The ”sensitive” dads of the `70s arose in answer to specific cultural pressures. When those pressures eased up, those dads disappeared: as
”feminized” fathers, they themselves represented a too-significant departure from tradition to be satisfying for very long. Soon enough, parodies such as ”Mr. Mom” finished the cycle.
The image of the ideal dad, as it has been pressed upon American society, requires something more distant, more authoritative, more powerful, uninvolved in the daily, domestic life of the household but always prepared to step in to set things right. As a real person, this all-knowing, all-wise father may well have never existed. He is, in our time, supremely a creation of popular culture, of the movies and of television. More specifically, he seems a creation of the situation comedies of the 1950s. More specifically still, he is Robert Young in ”Father Knows Best.”
For the generation that now dominates filmmaking, Young is the primal papa–the image it grew up with, the image, thanks to a television childhood, that seems more real that reality. Now that the television generation is in charge, both as filmmakers and film consumers, it isn`t surprising that Young has come back, a mythic figure clambering up from the electronic id.
It`s Brian De Palma`s ”The Untouchables” that presents the most purely Youngian of the current screen fathers: Kevin Costner`s Eliot Ness is perfectly secure in his paternalistic values, impeccably loving, protective and powerful. The scenes depicting Ness with his family are straight from sitcomland, a display of hollow symbols–doting Dad, devoted Mom, beaming baby –emptied of all genuine warmth or life-giving tension. Ness is so sure of his benign fatherly role that he wants to extend his moral authority beyond his family to encompass the entire city–and in doing so, rid the city of its evil father, Al Capone.
In his interviews, director De Palma has repeatedly insisted that ”The Untouchables” is a ”John Ford picture”–meaning, apparently, that Costner`s uncomplicated heroism, his loyalty to home and family and law and order, is in the image of the hero played by John Wayne in Ford`s westerns.
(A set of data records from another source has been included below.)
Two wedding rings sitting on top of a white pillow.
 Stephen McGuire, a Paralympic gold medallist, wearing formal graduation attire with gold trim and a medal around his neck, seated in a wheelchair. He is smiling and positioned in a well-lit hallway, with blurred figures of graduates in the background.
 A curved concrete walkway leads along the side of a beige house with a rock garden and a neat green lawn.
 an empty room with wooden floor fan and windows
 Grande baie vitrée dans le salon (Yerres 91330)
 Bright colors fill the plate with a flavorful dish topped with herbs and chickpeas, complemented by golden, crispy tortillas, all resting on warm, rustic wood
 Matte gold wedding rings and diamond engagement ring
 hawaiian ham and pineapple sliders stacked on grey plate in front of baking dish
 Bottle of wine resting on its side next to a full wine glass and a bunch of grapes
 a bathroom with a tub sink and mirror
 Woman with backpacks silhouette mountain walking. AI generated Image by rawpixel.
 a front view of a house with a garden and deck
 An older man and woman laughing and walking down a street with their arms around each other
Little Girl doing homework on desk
But Costner`s Ness, a man of no doubts or hesitations, has little to do with the tortured, self-conscious figure played by Wayne in Ford`s ”Rio Grande,” ”The Searchers” or ”The Man Who Shot Liberty Valance.” Wayne`s relationships with his family and society were consistently marked by misunderstanding, rejection and outright hostility. The violence he used to protect civilization made him unfit to live within it.
But for De Palma, Ness` willingness to kill is what defines him as a leader and a father: it`s something must learn from the crusty, traditional cop played by Sean Connery, and once this ancient wisdom has been handed down –again, as from father to son–Ness comes into his full glory. There is no shading in De Palma`s Ness, as there was in Ford`s Wayne (or, at least, what shading existed in David Mamet`s screenplay has been suppressed by De Palma`s one-note direction). His capacity for violence does not compromise his goodness, but actually reinforces it. He is the father as final power and final judge, providing protection and exacting punishment–Robert Young with a gun.
”The Untouchables” is an unabashed celebration of paternal power and paternal authority. William Dear`s ”Harry and the Hendersons” and John Schlesinger`s ”The Believers,” though they`re much less effective as films, display more measured, more complex attitudes, hesitating somewhere between the stern paterfamilias and the ”sensitive” male of ”Kramer vs. Kramer.”
Produced by Steven Spielberg`s Amblin Entertainment, ”Harry and the Hendersons” reflects Spielberg`s habitual family themes so closely that it seems, in effect, a Spielberg movie–a remake of ”E.T.” told from the point of view of the father, a figure mysteriously missing from Spielberg`s 1982 film.
In ”E.T.,” a troubled, emotionally divided family was rescued by a visitor from the beyond: an extraterrestrial man-child who functioned both as a playmate to the film`s fatherless, almost friendless 10-year-old boy and as an embodiment of an ancient, traditional wisdom–a wise parent. Backing away from the image of the stern father, Spielberg presented an effective fantasy compromise. E.T. was gentle enough to inspire affection while being authoritative enough to inspire respect.
In ”Harry and the Hendersons,” there is another troubled family and another visitor from beyond–this time, a hulking, shaggy Bigfoot who moves in with the Henderson family, led by hulking, shaggy John Lithgow. The beast`s size and strength at first inspire fear; in his capacity for violence and destruction, he seems the embodiment of evil adulthood, his physical superiority posed as a threat to the rest of the family.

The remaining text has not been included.